Humanização do nascimento, enquanto ciência, não pode tolerar certas falácias. Muito já foi dito sobre o parto e suas implicações psicológicas, afetivas, morais, espirituais, fisiológicas e sociais; agora cabe a nós agora mudá-lo, transformá-lo. As revoluções no campo do conhecimento humano se sucedem, atropelam umas às outras. O que antes era o novo, hoje já é o antigo, e resta-nos incorporar a metamorfose de ideias e projetos a nos oferecer o ânimo da mutação. O parto, como o conhecemos, é fruto de uma revolução tecnológica que, iniciando-se com a anestesia na memorável apresentação de uso do éter em 1846 com o cirurgião Warren e o anestesista Thomas Morton, culminou algumas décadas mais tarde com a realização da cesariana em Julia Covallina, pelo cirurgião Edoardo Porro em Pávia, na Itália, já nos estertores do século XIX. Esta cirurgia, criada com o intuito de salvar vidas condenadas pelos efeitos dramáticos do raquitismo no trajeto pélvico, conduziu-nos à suprema interferência no milenar mecanismo do parto, garantindo-nos, com razoável segurança, a entrada no claustro escuro onde dormita o amnionauta. Depois de quase um século os anticoncepcionais desvincularam o sexo da gestação e permitiram que as mulheres deixassem de ser prisioneiras da gestação; seria possível retirar do sexo todos os prazeres sem o temor de uma gestação indesejada. Tamanha a euforia com estas conquistas que por um tempo imaginamos que o domínio completo sobre os mistérios do nascer havia sido estabelecido. Entretanto, tamanha interferência nos ciclos que governam a reprodução e a vida não poderia ocorrer sem que, de alguma forma, houvesse uma ruptura com os delicados liames que nos conectam com a natureza.

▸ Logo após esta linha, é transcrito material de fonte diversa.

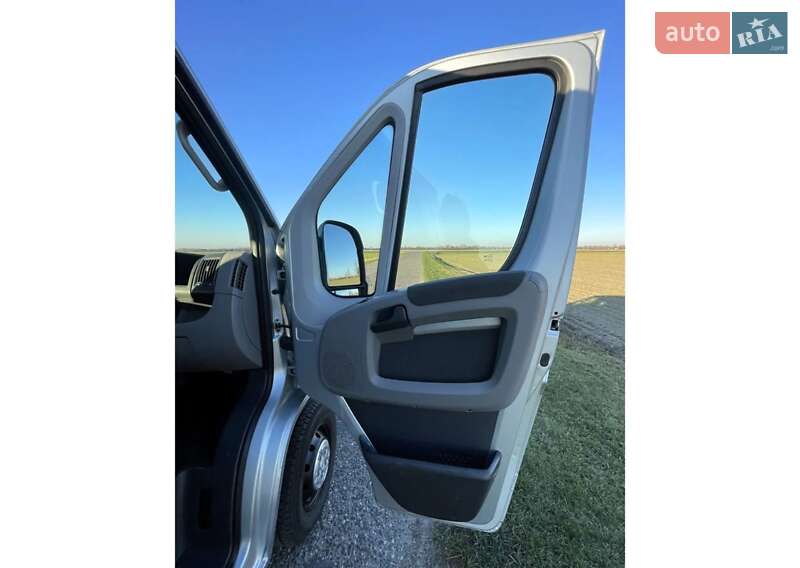 Минивэн Peugeot Boxer 2009 в Киеве фото 13 Минивэн Peugeot Boxer 2009 в Киеве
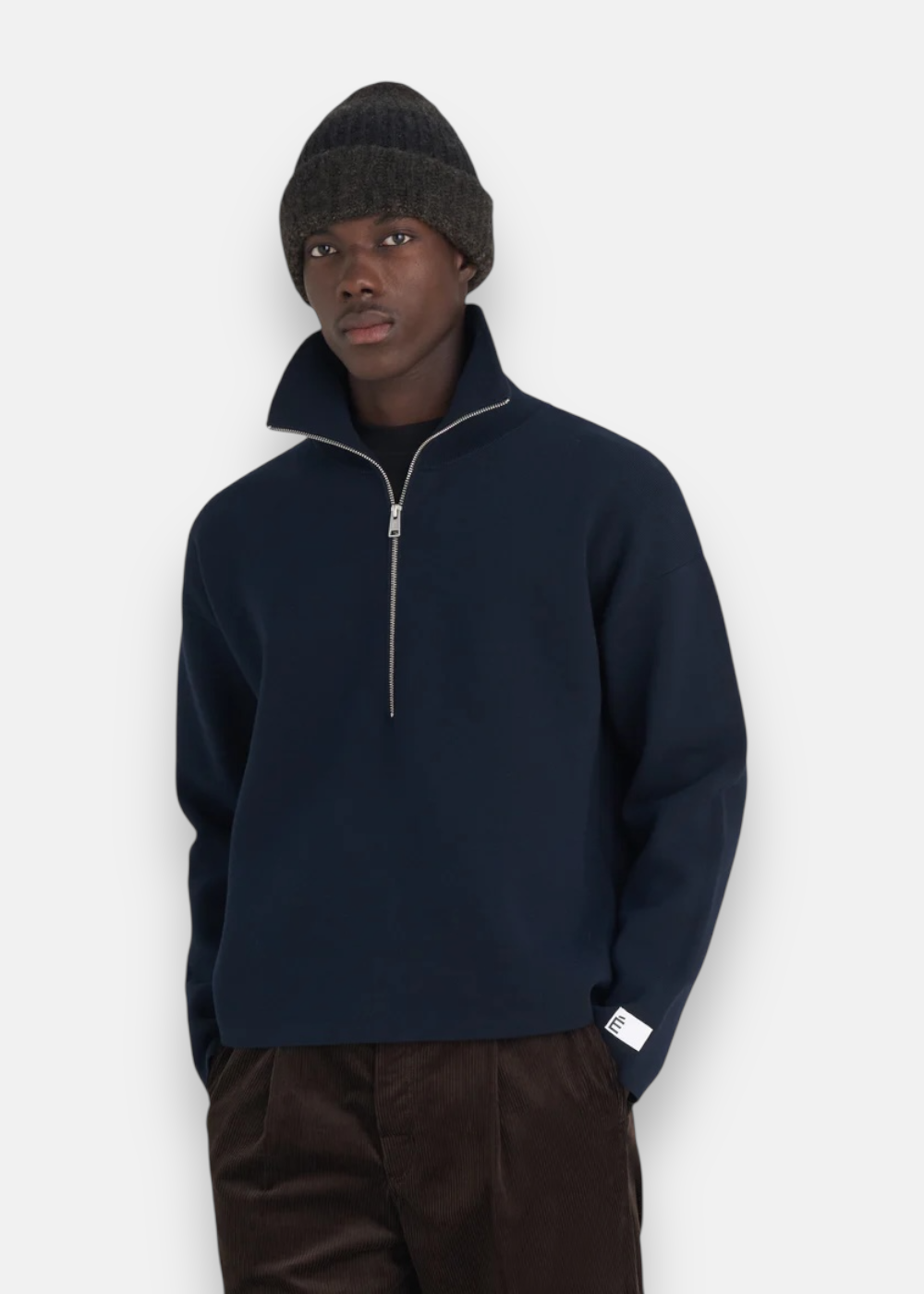 Pull etudes studio bleu marine avec zip porté par un mannequin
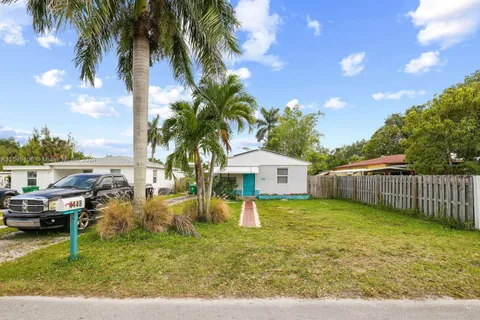 4448 SW 52nd St, Dania Beach FL 33314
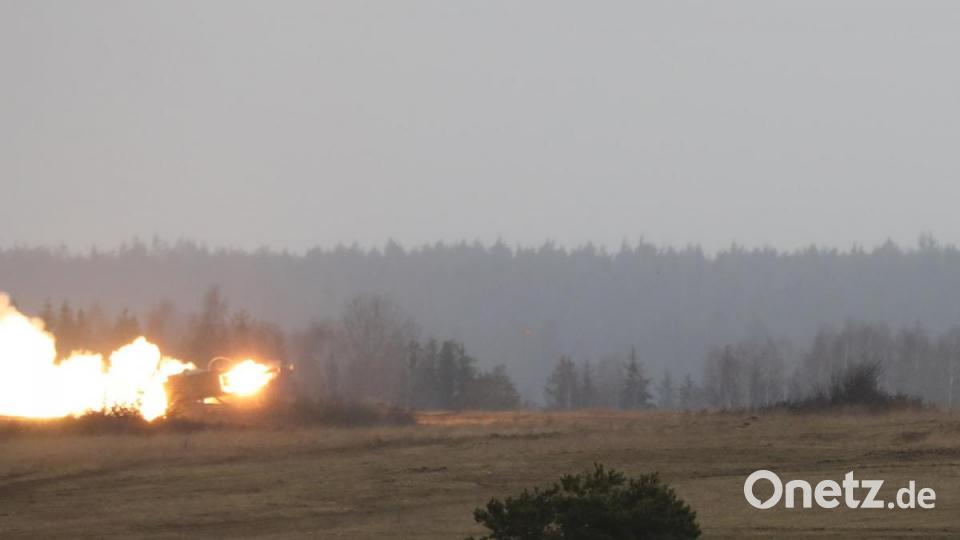 Getarnt hinter Büschen feuert dieser amerikanische Raketenwerfer vom Typ M270A1, Multiple Launch Rocket System (MLRS) des 1st Battalion, 6th Field Artillery Regiment aus Grafenwöhr. Bild: hbe
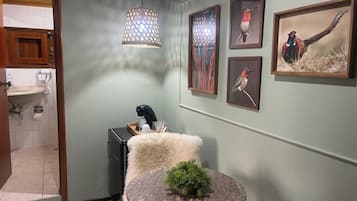 Traditional Room | 1 bedroom, minibar, desk, laptop workspace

As cesarianas, assim como as analgesias de parto tornaram-se mais do que simples e corriqueiras; sua aplicação no mundo ocidental tem aspectos de epidemia, tamanha a sua abrangência. No Brasil, a taxa de cesarianas atingiu o índice inédito de 59.7%, um número assustador se imaginarmos que a OMS estabeleceu como 15% o percentual máximo que pode oferecer vantagens. Multiplicamos por 4 este valor, e por certo que existem consequências nefastas por esta medida. Bem o sabemos o quanto as cesarianas, ao tornar previsível um evento dominado pela imprevisibilidade, beneficiam os médicos e as instituições, e aqui está uma boa razão para os abusos que testemunhamos. Além disso, as cesarianas multiplicam os riscos, tanto para as mães quanto para os bebês. As analgesias de parto também são extremamente prevalentes nas salas de parto, diminuindo a propriocepção materna e dificultando as mudanças posturais ativas da mãe na adaptação do seu bebê ao canal de parto. Hoje em dia apenas 5% das mulheres brasileiras tem um parto sem intervenções médicas potencialmente perigosas para a mãe e seu bebê. Além disso, existem repercussões de caráter emocional, psicológico e social das cesarianas, que afetam o desenvolvimento do apego da recém mãe com seu bebê. O caminho das intervenções e o parto na perspectiva médica mostravam suas falhas e seus senões.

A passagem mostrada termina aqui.